As part of Foundation's North investment approach, the organization ensures that all of its external managers consider ESG issues when investing the Foundation's assets. Furthermore, the North Foundation seeks to invest in climate change solutions, advance the efficient use of natural resources, renewable energy, clean technology and delivering societal solutions in areas such as health, education and economic wellbeing. Finally, to further its mission, the organization allocates 2% of its portfolio to impact investing.

Statement of Investment Policies and Objectives

Impact Investing Policy

Spotlight on Investors: Alecta

Established in 1917, Alecta is the largest occupational pension provider in Sweden with over 2.4 million members. As of December 31 2019, Alecta had SEK 954 billion ($103 billion) of assets under management.

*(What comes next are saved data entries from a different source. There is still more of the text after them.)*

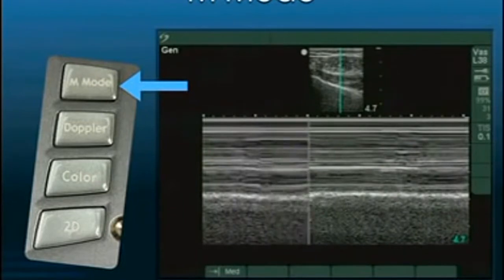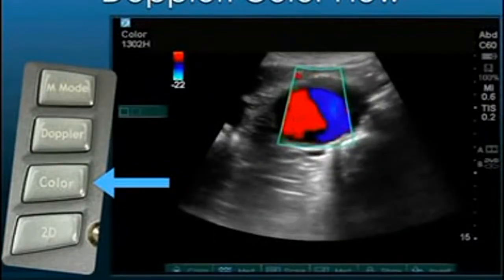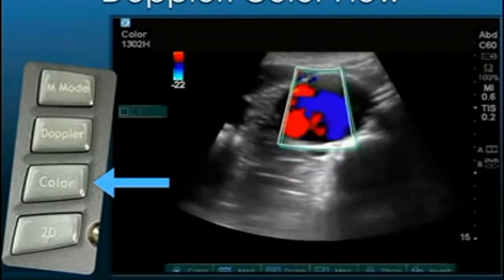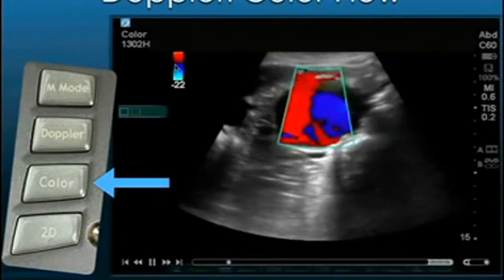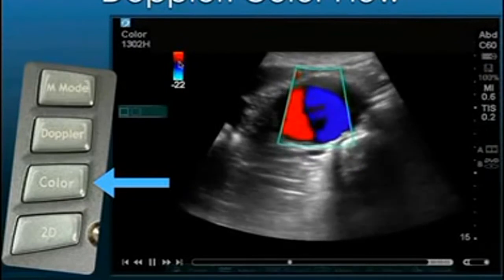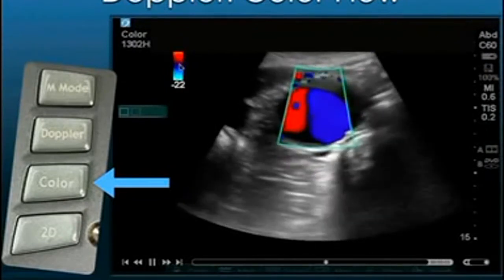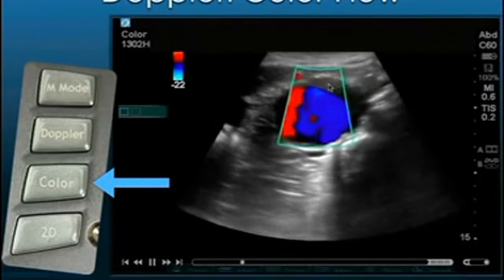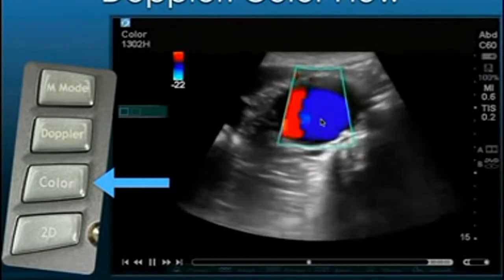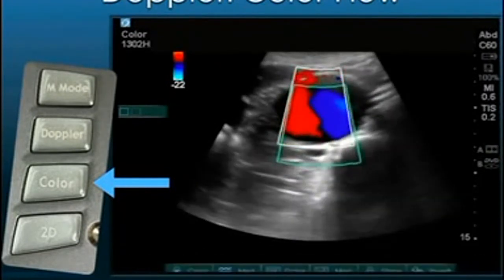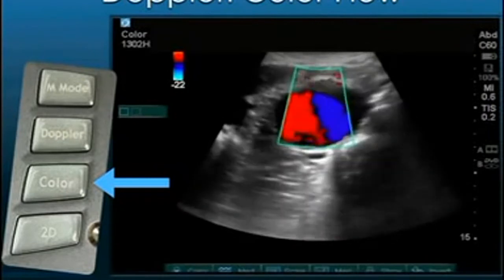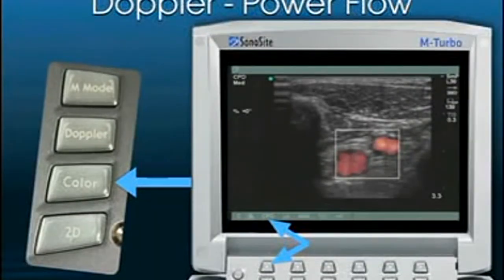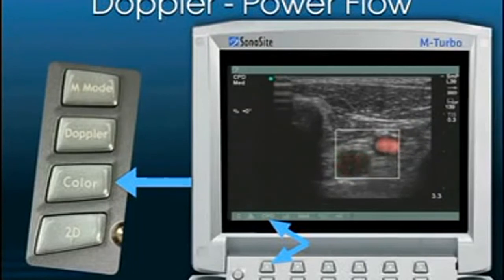Then there's color flow Doppler. Color flow Doppler is directional flow. Red is flow towards the transducer, and blue is flow away from the transducer. As we can see here in this aortic aneurysm, there is turbulent flow going back and forth. Another type of Doppler is called power flow Doppler or color power Doppler.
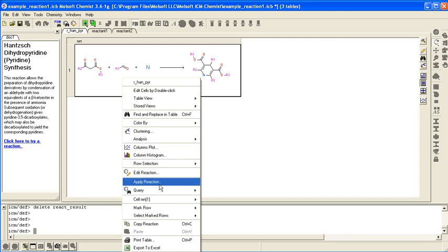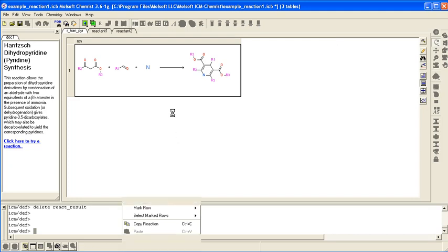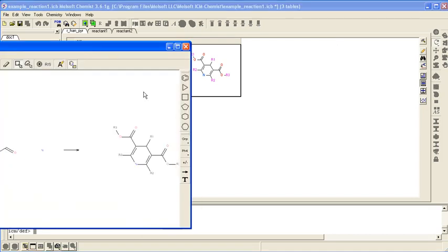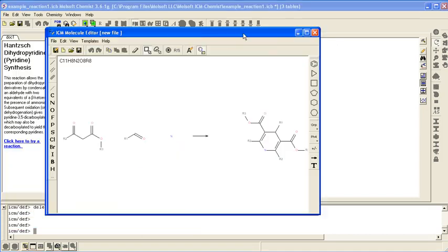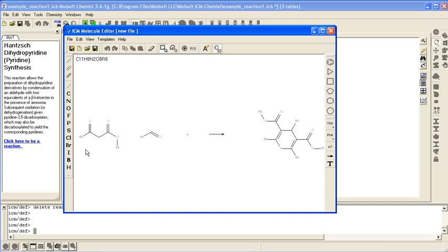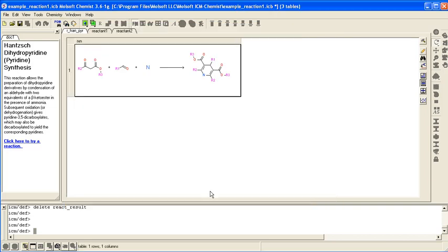If you right click and say edit reaction you can see the reaction. You draw your reactants and your product. The arrow is here. This example by the way is in the distribution.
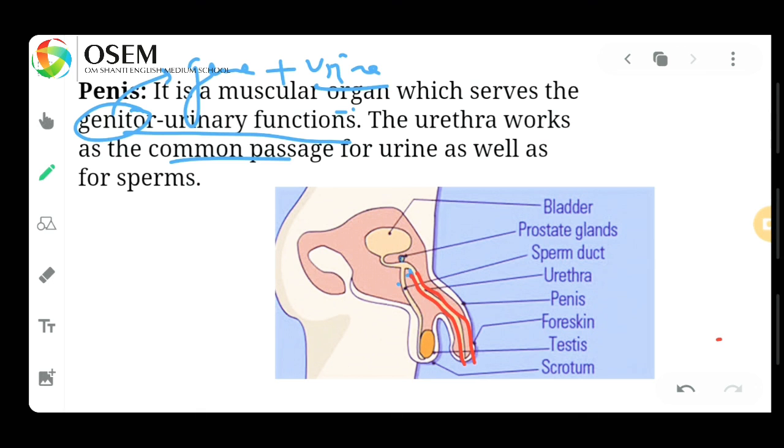So here we have covered the whole male reproductive system. Hopefully everything is clear. Thank you for watching the video.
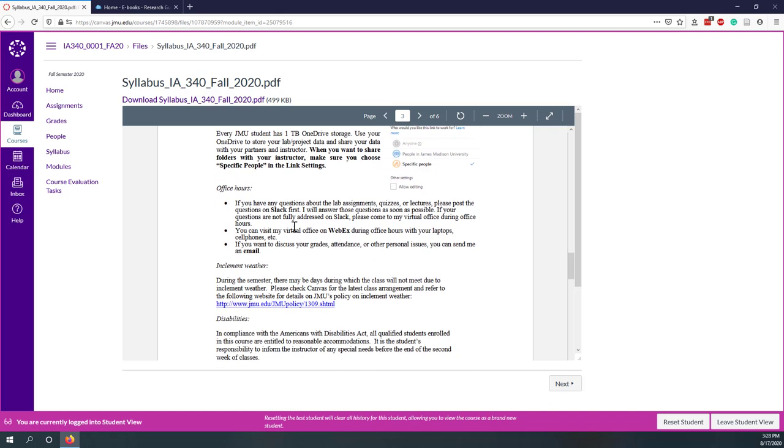If you have questions about lab, quizzes, lectures, please ask questions on Slack first. I will try to answer questions on Slack. Slack will be our number one communication tool. And if that cannot resolve your questions, we can meet in our virtual office on Webex. However, if you have some private issues like your grades, health issues, etc., please send me email.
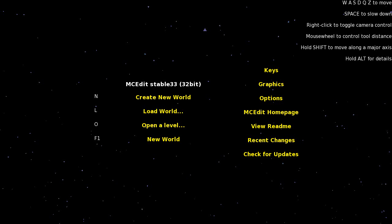Hey guys, it's Keralis. Today I'm just going to show you a quick tutorial video on how to use MCedit to import structures or schematics into your own Minecraft world.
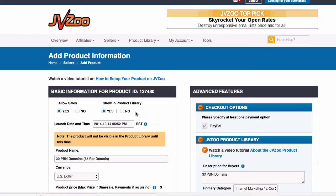What is up, JVZoo members? This is Alex Becker, CEO of Market Hero. Instead of giving you some long, drawn-out sales pitch on why you should use Market Hero, I'm simply going to show you how you can increase the amount of sales you make on your next launch by 30 to 40 percent simply by integrating with us.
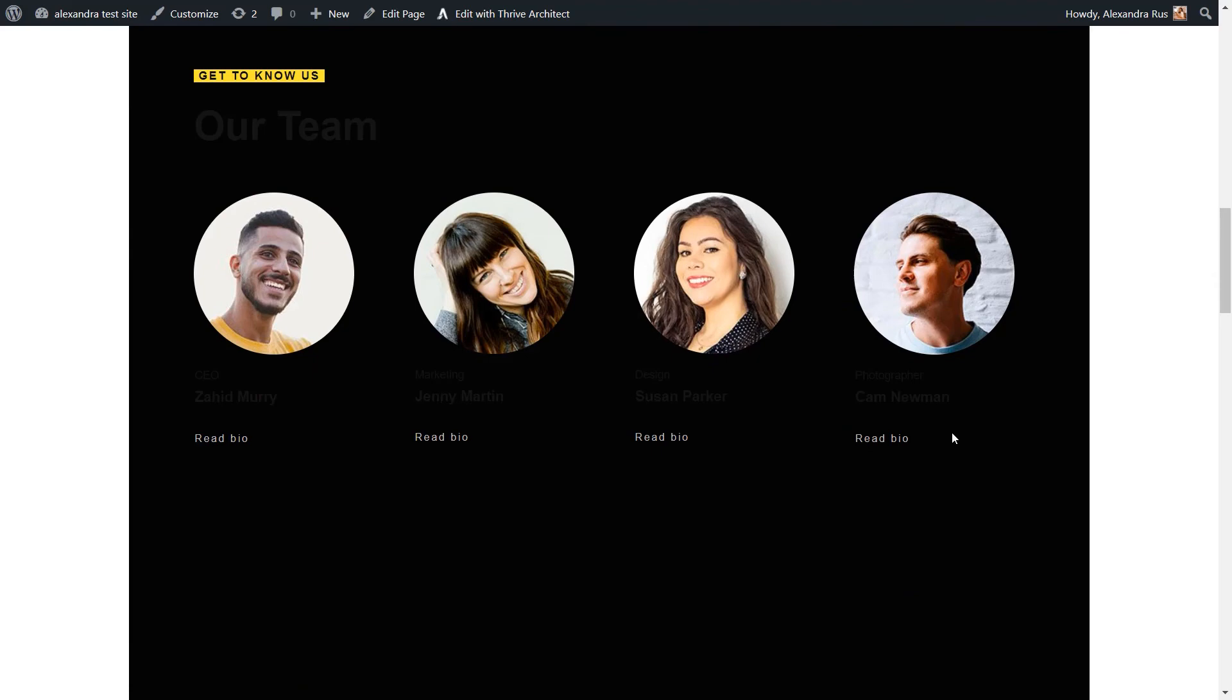If the page gets visited again by the same visitor, the content will still be unlocked. So the opt-in will not be shown again to the visitors, meaning that they don't have to unlock the content every single time. As long as they are registered users, they only have to unlock it once.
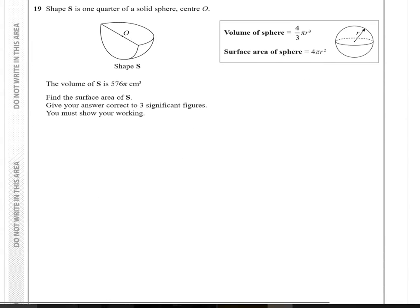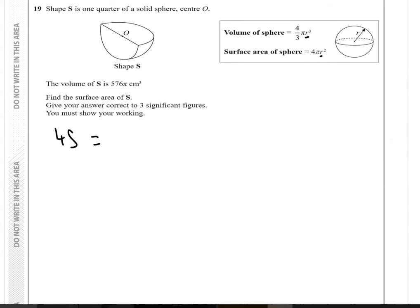Question 19: shape S is a quarter of a solid sphere centred at the origin. The volume of S is 576π centimetres cubed. We need the radius to find the surface area. Since S is a quarter of a sphere, four times S equals the volume of a full sphere, which is 4 thirds π R cubed.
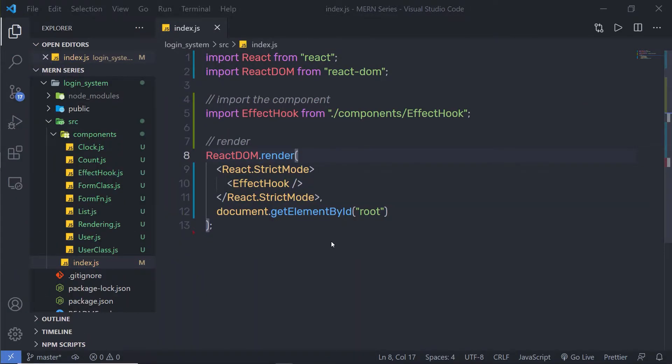In this lecture, we are going to understand how to create your own hook in React. Creating a hook in React is easy, just like you create a function in JavaScript but with some rules. Custom hooks are nothing but JavaScript functions. While creating a React app, if we have some common logic that we want to share between components, then we can use a custom hook.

As a long-term responsible investor,  Alecta considers sustainability along with financial data – including negative screening criteria on companies active in controversial weapons. Furthermore, as part of its involvement with the Net-Zero Asset Owner Alliance, Alecta seeks to fully decarbonize its portfolios. To do so, the pension provider engages with portfolio companies on Climate risk individually and collaboratively through Climate Action 100+, and is heavily invested in green bonds (SEK 40 billion).

Annual and Sustainability Report 2019

Climate Report (only available in Swedish)

Spotlight on Investors: Oslo Pensjonsforsikring

Oslo Pensjonsforsikring was established in 2000 by the city of Oslo as a life insurance company to manage the defined benefit pension fund for employees of the Oslo city council. As at March 30 2020, Oslo Pensjonsforsikring had NK 100 billion (US$ 11 billions) of assets under management.

The organization applies the exclusion list of GPFG, the Norwegian Oil fund, based on tobacco, controversial weapons, and climate criteria. Furthermore, as part of its Climate Change strategy, Oslo Pensjonsforsikring systematically conducts scenario analysis and measures the carbon intensity of existing and new equity investments to ensure that climate risks are accurately captured. As such, the life insurance company has set carbon intensity reduction targets of 40% by 2030.